The data
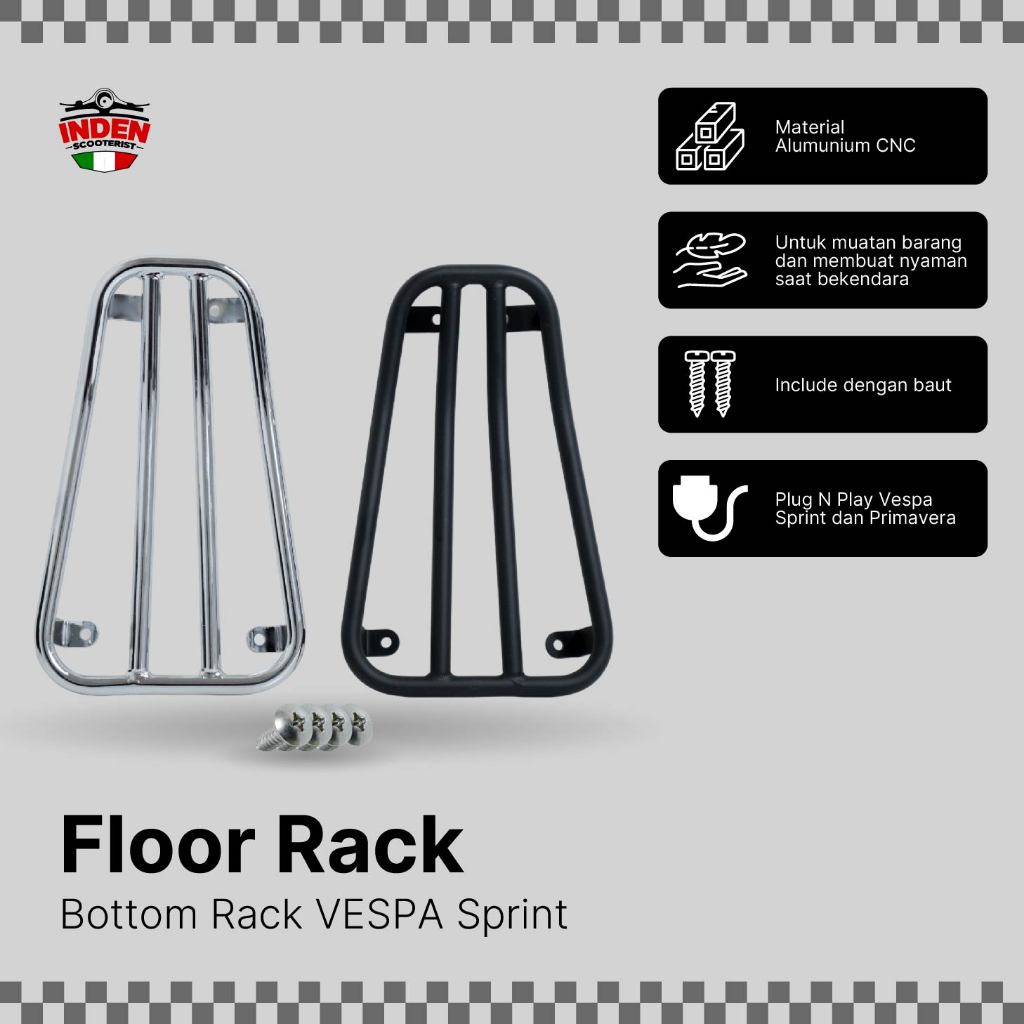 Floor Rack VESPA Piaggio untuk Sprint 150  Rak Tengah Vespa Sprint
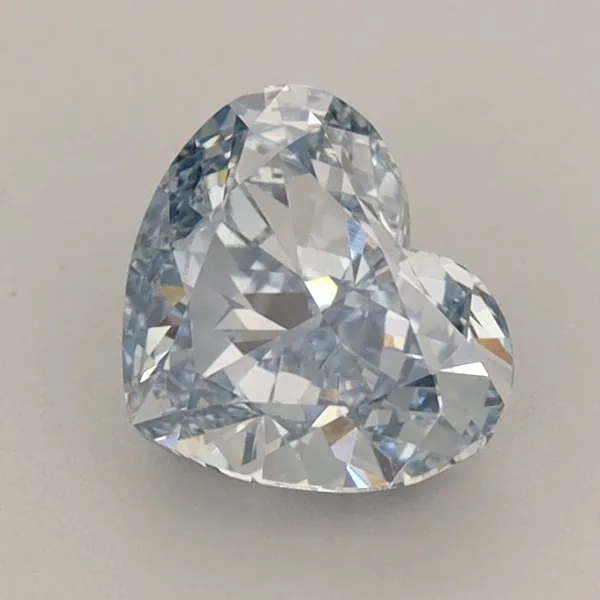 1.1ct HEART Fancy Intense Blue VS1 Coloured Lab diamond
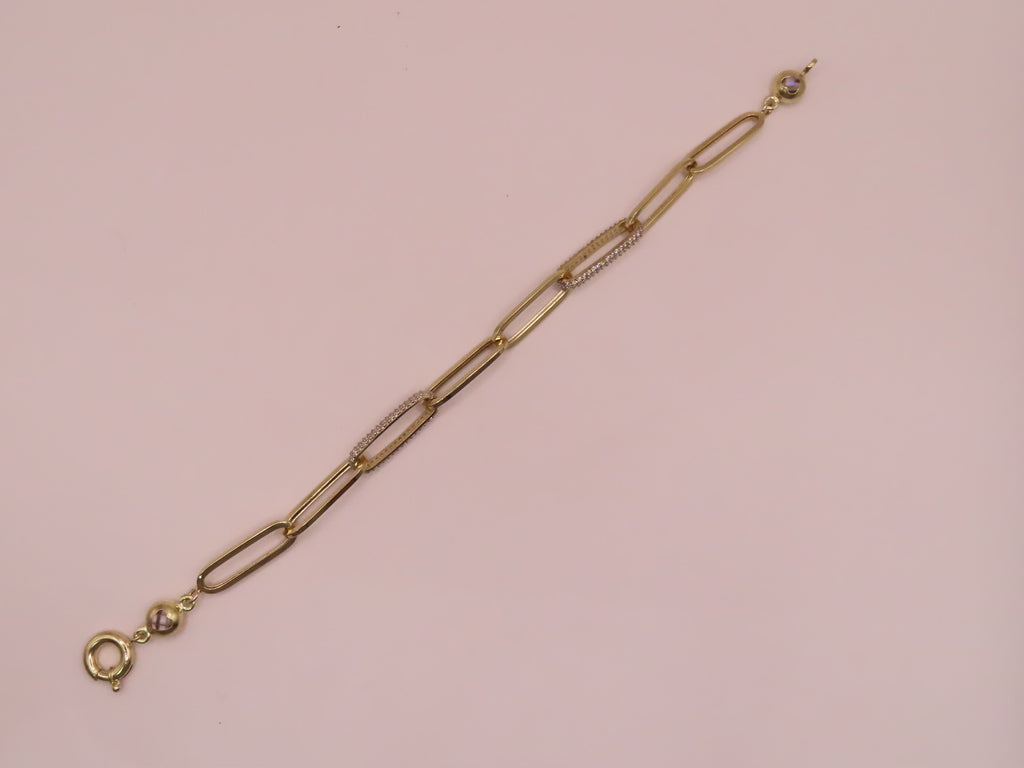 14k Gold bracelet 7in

---

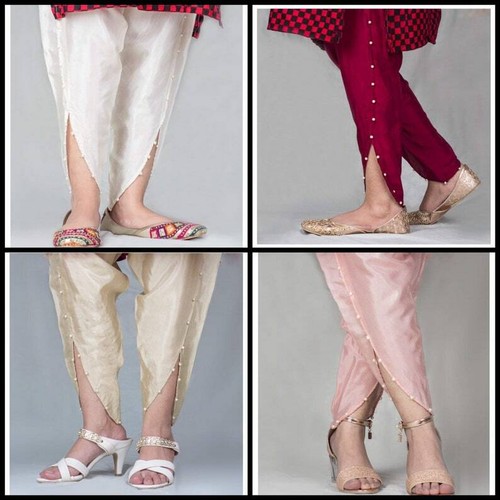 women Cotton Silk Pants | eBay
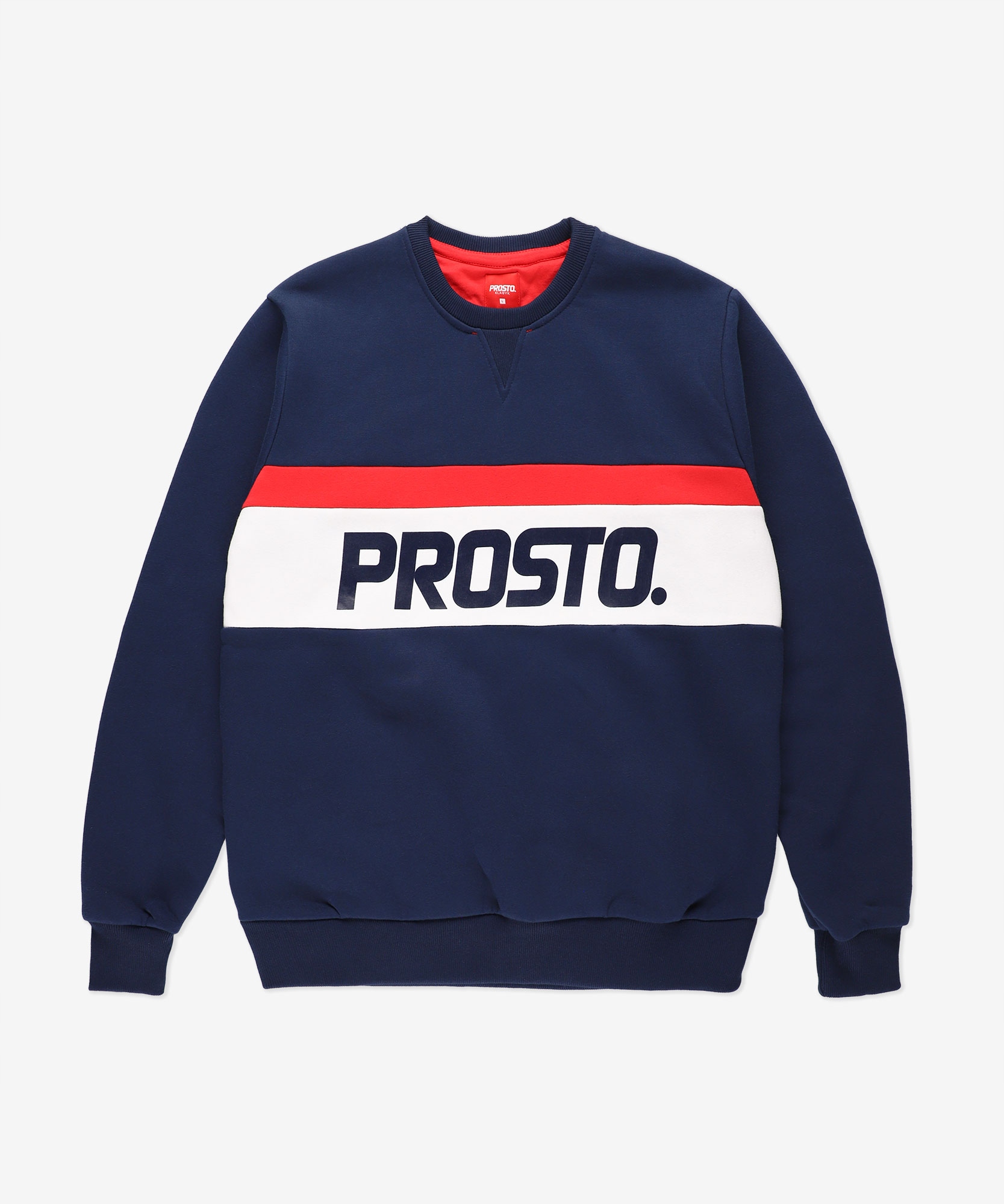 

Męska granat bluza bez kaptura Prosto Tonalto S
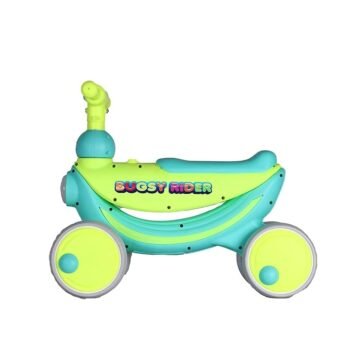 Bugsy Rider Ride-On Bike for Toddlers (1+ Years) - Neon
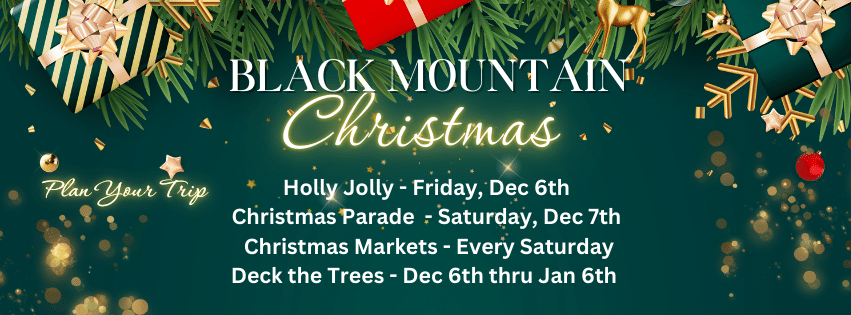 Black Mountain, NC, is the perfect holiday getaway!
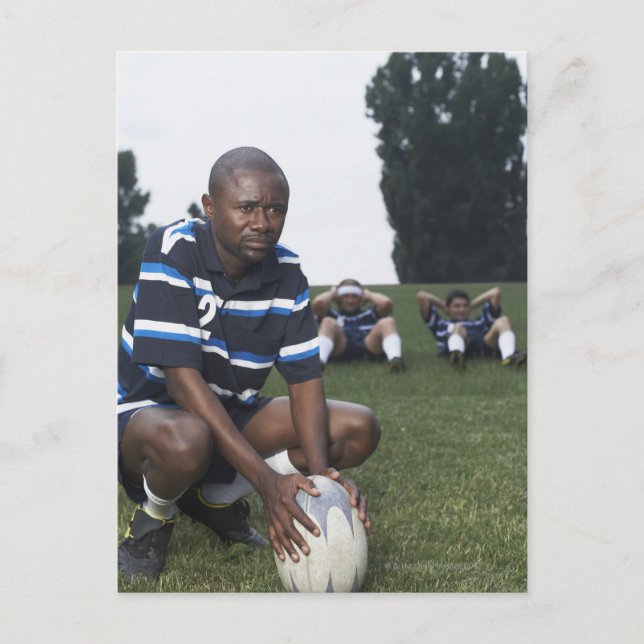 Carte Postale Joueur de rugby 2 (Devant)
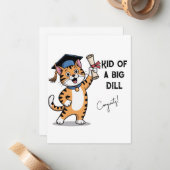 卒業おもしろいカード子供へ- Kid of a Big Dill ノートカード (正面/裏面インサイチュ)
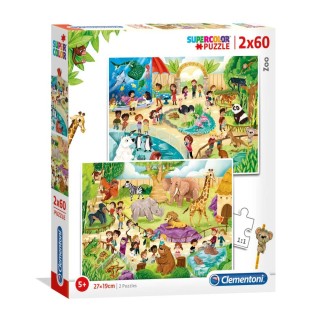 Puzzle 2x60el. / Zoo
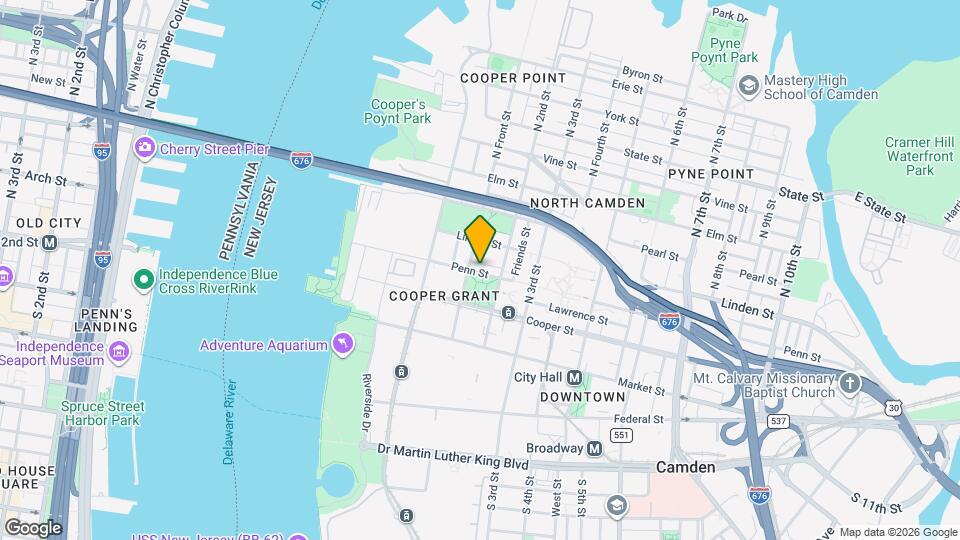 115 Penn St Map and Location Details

Your goal
In the listing above, find the line containing "Floor Rack VESPA" and the line containing "14k Gold bracelet 7in", then return both of them and every line between, exactly, without pictures.

Task output
 Floor Rack VESPA Piaggio untuk Sprint 150  Rak Tengah Vespa Sprint
 1.1ct HEART Fancy Intense Blue VS1 Coloured Lab diamond
 14k Gold bracelet 7in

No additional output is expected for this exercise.